A fast performer, the KV-S1025C can scan pages at 26 pages per minute (ppm) at 200 dpi, which equates to 52 images per minute (ipm) for double-sided documents. The scanner has a maximum optical resolution of 600 dpi. Multistream technology allows both a monochrome image and a color image to be saved for each scan. The monochrome image can be used for optical character recognition (OCR) and the color image for filing purposes. That effectively doubles the scanner’s output to 52 ppm and 104 ipm. The unit, which activates automatically when documents are loaded, has a high-speed USB 2.0 interface for plug-and-play operation and a 480 Mbps transfer rate.

Sporting a compact form factor, the KV-S1025C measures 12.5 inches wide, 7.6 inches deep and 6.8 inches high and weighs less than 9 pounds, so it’s ideal for placement on desks. The maintenance-free scanner automatically eliminates vertical lines and artifacts in scans caused by scratches on the CCD lens, such as from staples. Nonetheless, the CCD lens is easily replaced to avoid downtime.
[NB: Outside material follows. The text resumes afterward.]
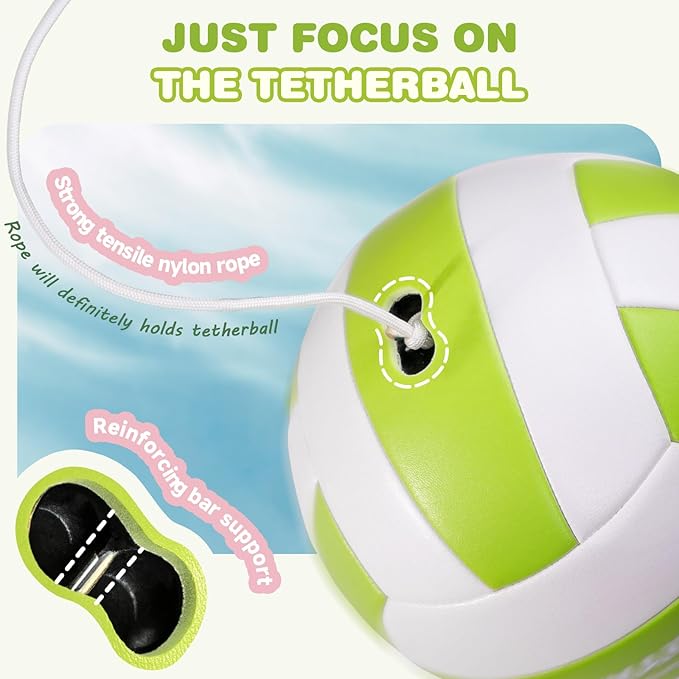 Trymaker Tetherball Ball and Rope, Tether Ball Soft, Tether Balls and Rope Set with Pump for Adults Backyard Outdoors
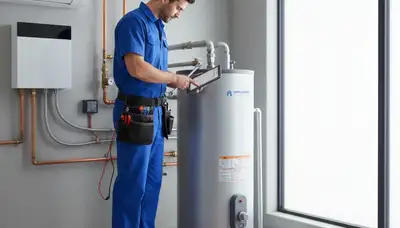 Technician repairing water heater at Charleston SC home | Five Star Cooling expert service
Many features help improve scanned image quality. Automatic background color smoothing eliminates variations in background color to improve clarity and reduce JPEG output file size. Blank pages are also automatically deleted during scanning to further reduce the scanned file size. The scanner can eliminate reds, greens and blues from preprinted forms, and its multicolor dropout capability lets any color or color range be selected for removal, improving OCR processing.

In addition, the KV-S1025C automatically corrects skewing. An auto-erasure feature securely eliminates image data after the data has been transmitted. The product comes with ISIS and TWAIN drivers, document capture and OCR software, and a USB 2.0 cable. The scanner carries a manufacturer’s suggested retail price of $1,049.